EXERCISE:
For the listing below, output exactly the lines from the line with "300 X 400mm" up to and including the line with "Tory Burch Bolsa", and no other lines.

DATA TO EXAMINE:
══════

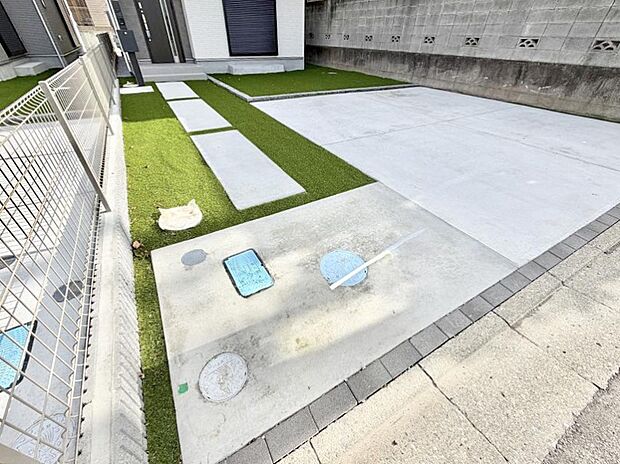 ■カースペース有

══════

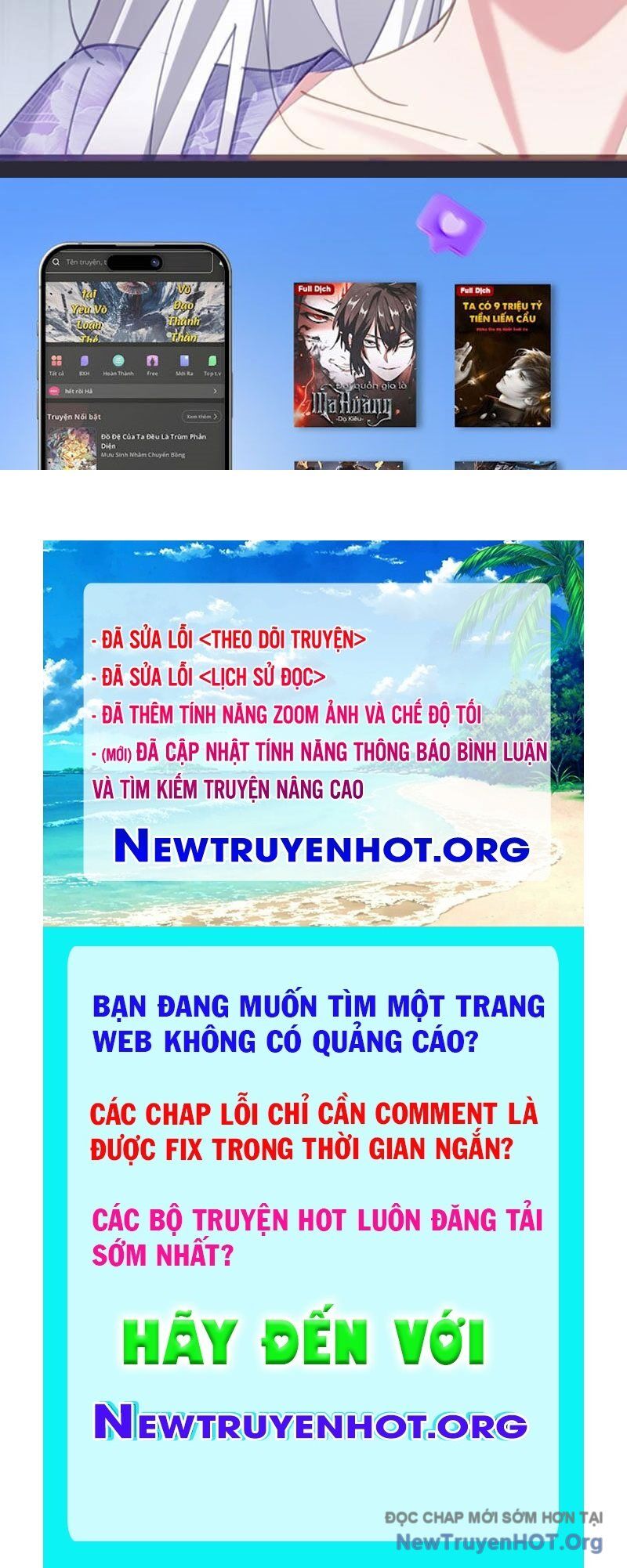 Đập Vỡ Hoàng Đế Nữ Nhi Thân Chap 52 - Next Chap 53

══════

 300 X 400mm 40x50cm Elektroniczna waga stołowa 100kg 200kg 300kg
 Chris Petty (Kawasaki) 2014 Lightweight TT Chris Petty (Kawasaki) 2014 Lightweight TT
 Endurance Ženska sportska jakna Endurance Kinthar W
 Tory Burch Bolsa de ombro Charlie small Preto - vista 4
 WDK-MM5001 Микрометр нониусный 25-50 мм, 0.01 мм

══════

YOUR SOLUTION:
 300 X 400mm 40x50cm Elektroniczna waga stołowa 100kg 200kg 300kg
 Chris Petty (Kawasaki) 2014 Lightweight TT Chris Petty (Kawasaki) 2014 Lightweight TT
 Endurance Ženska sportska jakna Endurance Kinthar W
 Tory Burch Bolsa de ombro Charlie small Preto - vista 4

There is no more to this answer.